Arkansas State University (A-State) has partnered with the Arkansas 30 Day Fund to provide resources and volunteers for the small business forgivable loan program.
Launched by former White House press secretary Sarah Huckabee Sanders and her husband Bryan Sanders, the Arkansas 30 Day Fund is a forgivable loan program designed to provide assistance to Arkansas small businesses impacted by the COVID-19 pandemic. Capped at $3,000, the funding is meant to be used for meeting payroll, saving jobs, paying insurance, and keeping businesses’ doors open.

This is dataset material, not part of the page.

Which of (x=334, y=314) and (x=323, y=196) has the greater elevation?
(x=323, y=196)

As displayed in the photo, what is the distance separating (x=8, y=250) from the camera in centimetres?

A-State will be recruiting and supplying student volunteers to help process the applications received as part of the Arkansas 30 Day Fund. The university will be coordinating these efforts through it Delta Center for Economic Development.
“Arkansas State University is honored to partner with the AR 30 Day Fund by offering our students a unique opportunity to help small businesses across Arkansas recover from the financial impact of COVID-19,” ASU System President Charles L. Welch said in a statement. “This partnership also provides our students a chance to gain valuable experience with a nonprofit while learning more about the financial difficulties our small businesses are facing due to no fault of their own. I am appreciative of Sarah and Bryan Sanders for giving A-State students this opportunity.”
According to Andrea Allen, executive director for the Delta Center for Economic Development, Sarah Sanders reached out to Arkansas State University officials to form a partnership, and the Delta Center for Economic Development subsequently took the lead on the effort.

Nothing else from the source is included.